An anonymous reader writes: Google India has announced that users of the YouTube app in India can now download content during cheaper night-time connectivity periods for offline viewing later. Downloaded videos can be viewed for up to 30 days... Streaming providers are currently conflicted between the low-risk policy of denying offline viewing, and the risk of alienating the lesser-connected markets where they're keen to grab an early foothold. In late 2014 a Netflix executive said offline viewing was "never going to happen", but in April of this year CEO Reed Hastings backtracked in a letter to shareholders, commenting "as we expand around the world, where we see an uneven set of networks, it's something we should keep an open mind about."

33 comments

  1. youtube-dl anyone? by evanh · · Score: 2

    Scripting sucks anyway.

    1. Re: youtube-dl anyone? by Anonymous Coward · · Score: 0

      As if most people know how to run a command line program.
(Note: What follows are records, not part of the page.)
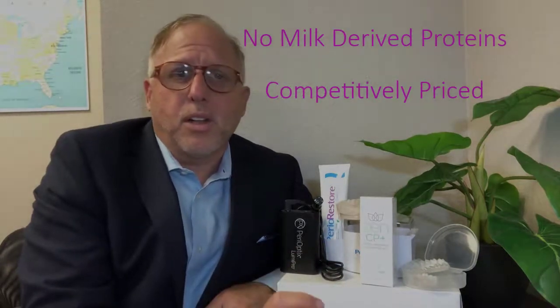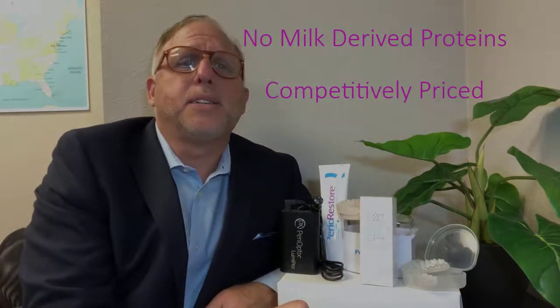Stay on a little bit longer to learn more about Zen CP Plus, and visit DENMAT.com to learn more about these innovative solutions.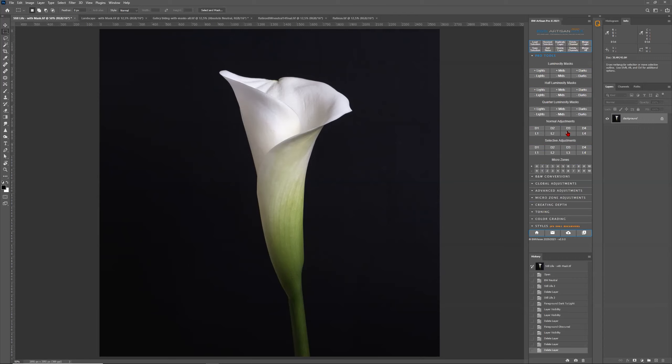I've also added the new quarter luminosity mask for even more granularity. This is great for editing your photos with even more precision, but even better for creating hard masks. For those who know about my advanced masking method, if you have this kind of granularity with your luminosity mask, you can create even better hard masks. I'm going to do a short demonstration with that later on. The advanced masking video takes around five hours, so I'll just do a quick demonstration of what you can do with the quarter luminosity mask when creating hard masks.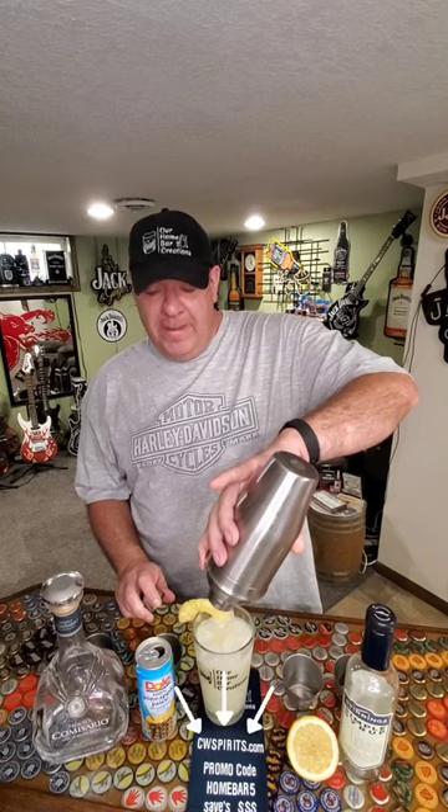Strain into your Collins glass with fresh ice, which I have already garnished with some fresh pineapple for this hot day. And there you have a Tropic Like It's Hot. Until next time, cheers.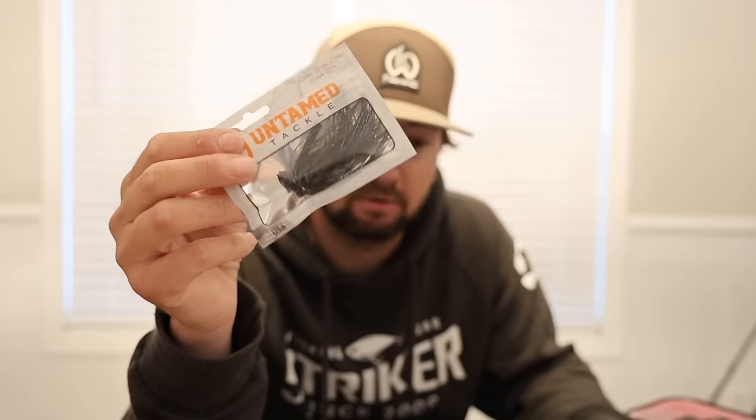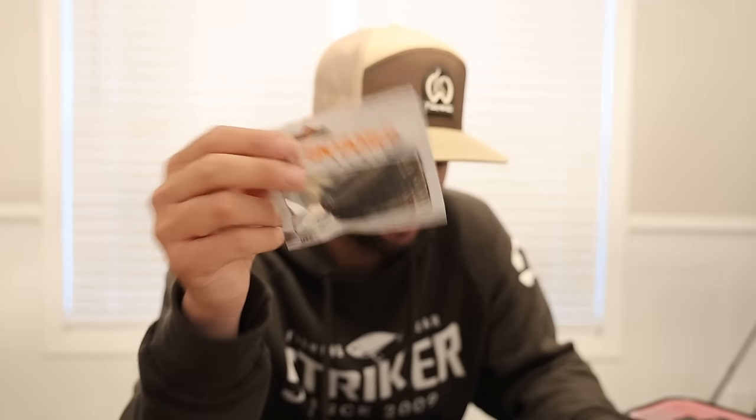Everybody pretty much asked for these colors, or there's some stuff that we've had in the hopper for a while. There's a magic blue crawl - that's something I throw in the fall whenever those crawfish are like green pumpkin and blue. Candy grass is actually a green pumpkin with a blue hue to it, which those crawfish get like that a lot - not this time of year but like late summer, early fall - that's when they get that.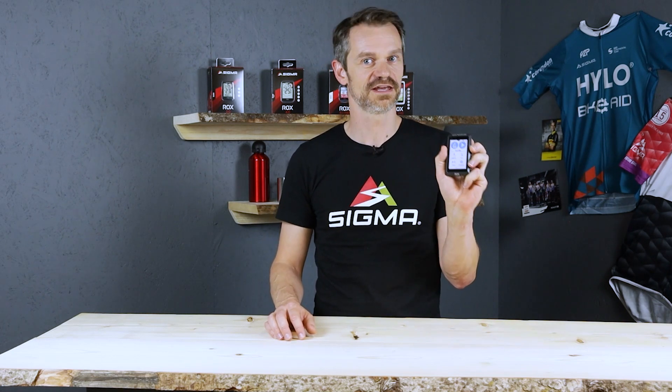Hey there, my name is Daniel. I would like to show you how to pair a radar system with the ROX 12.1 EVO.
    2. Re: youtube-dl anyone? by Anonymous Coward · · Score: 0

      There are extensions to Firefox that make downloading youtube videos trivial, and on Android one can the open-source Newpipe app on the F-droid app repository also makes downloading videos easy. So the cat is already out of the bag.

    3. Re: youtube-dl anyone? by Anonymous Coward · · Score: 0

      Nerds shooting themselves in the foot, again. No news at eleven, because everybody has already seen that a thousand times. Folks, the one thing that the people stealing your money in the stock market do not do? Blab like an excited six year old. The people who hear about the huge rent-controlled apartment in the nice location, which would have been perfect for you? Tell you about it AFTER they've signed the lease. See the pattern?

    4. Re:youtube-dl anyone? by Anonymous Coward · · Score: 0

      It's understandable that is not for most people, but that is how I have automated my feeds queue for hundreds of channels.
      Or for direct viewing click and drag url to VLC, rarely watch any videos via web, that is crazy and a waste of time and resources better spent watching more cool videos!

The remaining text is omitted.